I seem to have inherited a DS with a card reader so decided to do a project on the DS. Have got my dev env set up (VS2005 + DevKitARM + LibNDS + No$) My combined ARM7/9 project compiles and runs fine on No$ and HW.
I am new to DS Dev, but not to mobile game dev, (I did gfDoom for those of you with a PocketPC)
So far I have written a MaxScript to export my 3d environments to a text file, and I have written a program that converts the model to fixed point, views the model and exports out into a binary format for loading on the DS. Also optionally builds a pruned quad tree for the level. (Large chunks of the level may be out of view.)
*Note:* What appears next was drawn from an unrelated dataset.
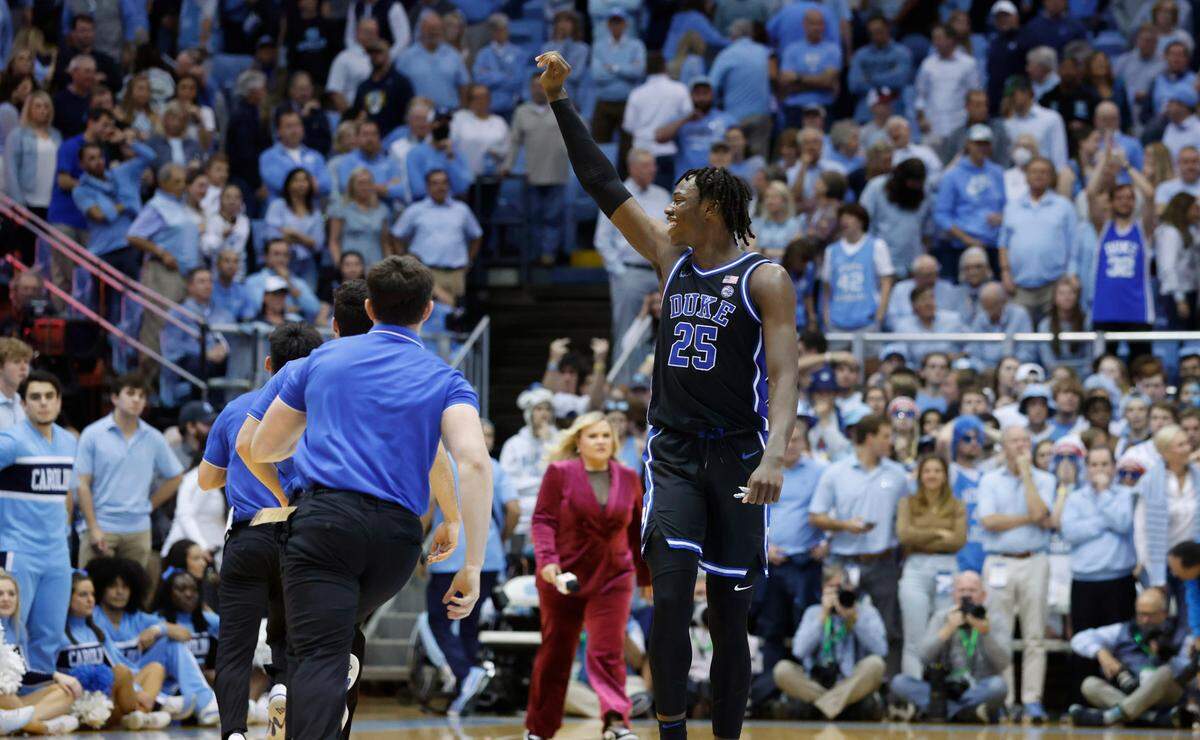 Duke’s Mark Mitchell (25) motions to the crowd after Duke’s 62-57 victory over UNC at the Smith Center in Chapel Hill, N.C., Saturday, March 4, 2023.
I am also working on a DirectDraw style surface-based system for the menus since I am (frivolously!) going to be running an in-game demo on the top screen and using the bottom screen for menus. (Using 384k for Textures, + 1 Ext-Rot 256x256 15bpp BG for the bottom screen)
The problem I have at the minute is I don?t really know what the DS can do in terms of 3d. Looking over the commercial games, it seems it has good potential though.
So:
1) HW Limit is 6144Verts = 2048Tris. Post backface culling and clipping: Can the DS really do 2k textured, lit, transformed and anti-aliased tris at 60FPS? Or is this some theoretical limit?
2) I am currently using immediate mode to draw 3d. (IE: glNormal(), glVertex() x3, etc. I understand that it is faster to compile this data into a display list and cram it down a fifo. But what sort of gains are we looking at like-for-like % wise? (Or is the main gain that you can continue running code while the Dlist is being copied | decoded | drawn.)
3) How much does a texture change cost? (Assuming it is already in video memory) Is it worth sorting meshes by texture first?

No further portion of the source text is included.